Justin Kollar
Justin Kollar is a planner, designer, researcher, and Ph.D. student at the Leventhal Center for Advanced Urbanism (LCAU), MIT. He holds master’s degrees in Architecture and Urban Planning from the Harvard Graduate School of Design and a bachelor’s degree from the University of Michigan Taubman College of Architecture and Planning. Justin’s areas of interest include the development of technical methods for enhancing spatial planning and project implementation, as well as creating more sustainable, walkable, and equitable urban environments. His academic and professional work has also been published in edited volumes such as Landscape Approach: From Local Communities to Territorial Systems (2022), Neocolonialism and Built Heritage: Echoes of Empire in Asia, Africa, the Middle East and Europe (2020), From the South: Global Perspectives on Landscape and Territory (2019), and Lifestyled: Health and Places (2016). His broader intellectual interests also span several areas such as ecological security, governance, and territorial planning in cities in the U.S. as well as across Central, Southeast, and East Asia. His current focus is on infrastructure investment, urbanization, and land use policy in Taiwan, including East and Southeast Asia, at the intersection of US-China trade conflict and climate change.
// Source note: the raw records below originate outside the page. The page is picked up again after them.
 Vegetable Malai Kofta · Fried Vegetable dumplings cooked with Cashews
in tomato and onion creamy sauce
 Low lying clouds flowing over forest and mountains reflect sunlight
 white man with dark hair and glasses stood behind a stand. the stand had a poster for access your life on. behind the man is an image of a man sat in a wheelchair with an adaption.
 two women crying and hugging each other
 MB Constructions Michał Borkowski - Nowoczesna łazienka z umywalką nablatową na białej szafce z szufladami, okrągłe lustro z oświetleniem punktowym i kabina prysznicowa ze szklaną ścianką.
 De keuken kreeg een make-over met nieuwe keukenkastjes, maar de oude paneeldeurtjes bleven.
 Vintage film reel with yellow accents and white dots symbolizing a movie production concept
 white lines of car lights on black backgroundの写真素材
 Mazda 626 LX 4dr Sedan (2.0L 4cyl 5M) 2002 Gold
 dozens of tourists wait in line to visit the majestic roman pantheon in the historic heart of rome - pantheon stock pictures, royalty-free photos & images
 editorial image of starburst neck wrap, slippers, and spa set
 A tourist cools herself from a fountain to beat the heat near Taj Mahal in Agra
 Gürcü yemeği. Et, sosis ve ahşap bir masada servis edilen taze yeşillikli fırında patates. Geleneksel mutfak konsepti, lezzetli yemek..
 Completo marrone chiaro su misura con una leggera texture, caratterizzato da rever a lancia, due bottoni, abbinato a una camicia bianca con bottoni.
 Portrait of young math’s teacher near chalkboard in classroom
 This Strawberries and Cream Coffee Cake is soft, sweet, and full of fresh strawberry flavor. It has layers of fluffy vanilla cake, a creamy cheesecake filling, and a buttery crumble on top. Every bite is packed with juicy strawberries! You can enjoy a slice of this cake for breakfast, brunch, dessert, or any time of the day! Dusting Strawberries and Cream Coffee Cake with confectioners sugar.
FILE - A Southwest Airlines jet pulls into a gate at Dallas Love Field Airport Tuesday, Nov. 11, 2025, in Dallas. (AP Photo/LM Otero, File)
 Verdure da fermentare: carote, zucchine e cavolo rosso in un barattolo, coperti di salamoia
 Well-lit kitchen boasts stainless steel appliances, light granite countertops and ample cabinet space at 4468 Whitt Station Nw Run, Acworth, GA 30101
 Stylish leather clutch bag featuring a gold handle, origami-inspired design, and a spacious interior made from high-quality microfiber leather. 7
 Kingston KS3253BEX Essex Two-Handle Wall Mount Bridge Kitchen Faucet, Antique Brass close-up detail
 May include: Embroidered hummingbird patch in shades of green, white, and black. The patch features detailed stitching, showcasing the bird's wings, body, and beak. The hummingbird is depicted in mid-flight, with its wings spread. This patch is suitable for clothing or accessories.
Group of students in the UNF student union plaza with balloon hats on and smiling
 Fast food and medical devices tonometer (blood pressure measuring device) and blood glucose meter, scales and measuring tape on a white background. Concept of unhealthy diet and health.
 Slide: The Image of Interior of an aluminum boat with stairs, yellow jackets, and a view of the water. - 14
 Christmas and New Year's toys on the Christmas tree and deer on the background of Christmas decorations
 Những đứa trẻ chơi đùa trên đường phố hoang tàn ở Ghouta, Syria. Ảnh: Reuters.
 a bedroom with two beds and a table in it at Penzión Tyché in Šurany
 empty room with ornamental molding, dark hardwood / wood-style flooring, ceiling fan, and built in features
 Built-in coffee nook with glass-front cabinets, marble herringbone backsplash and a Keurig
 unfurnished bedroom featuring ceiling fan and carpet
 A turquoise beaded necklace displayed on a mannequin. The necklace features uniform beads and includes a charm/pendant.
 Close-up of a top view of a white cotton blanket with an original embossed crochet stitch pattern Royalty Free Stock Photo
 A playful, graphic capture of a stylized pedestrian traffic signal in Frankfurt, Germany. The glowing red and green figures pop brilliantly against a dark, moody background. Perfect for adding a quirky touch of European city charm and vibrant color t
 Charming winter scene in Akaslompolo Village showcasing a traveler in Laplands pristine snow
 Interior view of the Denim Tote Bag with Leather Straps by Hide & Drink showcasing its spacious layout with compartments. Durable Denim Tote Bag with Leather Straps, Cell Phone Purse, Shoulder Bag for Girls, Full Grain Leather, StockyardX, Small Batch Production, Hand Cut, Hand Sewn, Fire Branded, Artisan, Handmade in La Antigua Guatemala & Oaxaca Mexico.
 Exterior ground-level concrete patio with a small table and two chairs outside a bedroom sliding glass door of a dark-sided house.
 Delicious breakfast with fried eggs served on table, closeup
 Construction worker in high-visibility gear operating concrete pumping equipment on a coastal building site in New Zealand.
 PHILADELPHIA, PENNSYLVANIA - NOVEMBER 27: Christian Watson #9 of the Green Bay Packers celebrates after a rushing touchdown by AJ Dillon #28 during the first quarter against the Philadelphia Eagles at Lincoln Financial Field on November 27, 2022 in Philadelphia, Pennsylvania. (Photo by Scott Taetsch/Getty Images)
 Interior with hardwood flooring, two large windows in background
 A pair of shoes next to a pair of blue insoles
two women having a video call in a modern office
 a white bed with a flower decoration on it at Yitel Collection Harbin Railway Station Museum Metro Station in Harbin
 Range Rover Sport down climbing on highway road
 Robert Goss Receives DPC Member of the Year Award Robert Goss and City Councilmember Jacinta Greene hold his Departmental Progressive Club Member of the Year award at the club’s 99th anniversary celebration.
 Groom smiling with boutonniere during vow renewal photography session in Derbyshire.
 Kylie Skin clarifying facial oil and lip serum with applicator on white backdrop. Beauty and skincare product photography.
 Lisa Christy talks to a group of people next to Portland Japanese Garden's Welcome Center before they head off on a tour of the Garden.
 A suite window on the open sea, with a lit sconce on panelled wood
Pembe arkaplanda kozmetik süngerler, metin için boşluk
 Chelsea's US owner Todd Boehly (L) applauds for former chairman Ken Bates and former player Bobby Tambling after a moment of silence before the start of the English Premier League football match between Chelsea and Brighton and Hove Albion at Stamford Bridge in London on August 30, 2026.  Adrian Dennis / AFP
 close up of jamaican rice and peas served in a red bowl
Prior to pursuing a Ph.D., some of Justin’s professional experience at Sasaki included: consulting and planning work for the Government of Afghanistan to formulate a national planning framework and five strategic development frameworks for five major cities funded by the World Bank with an emphasis on institution-building, economic development, and environmental planning; developing planning frameworks for the establishment of an innovation district in Thu Duc, Ho Chi Minh City connecting education, social welfare, ecology, and resilience; regional resilience planning encompassing institutional, programmatic, and implementation strategies that address environmental hazards and social vulnerability in around the Memphis city-region; researching decentralized urban governance, disaster risk response and reduction, municipal capacity building, risk-sensitive land-use planning, multiple hazards resilience, and municipal finance for COVID-19 recovery for the Government of Nepal funded by the World Bank; including many others. Justin also teaches an architecture studio with students developing site-based skills at the Boston Architecture College.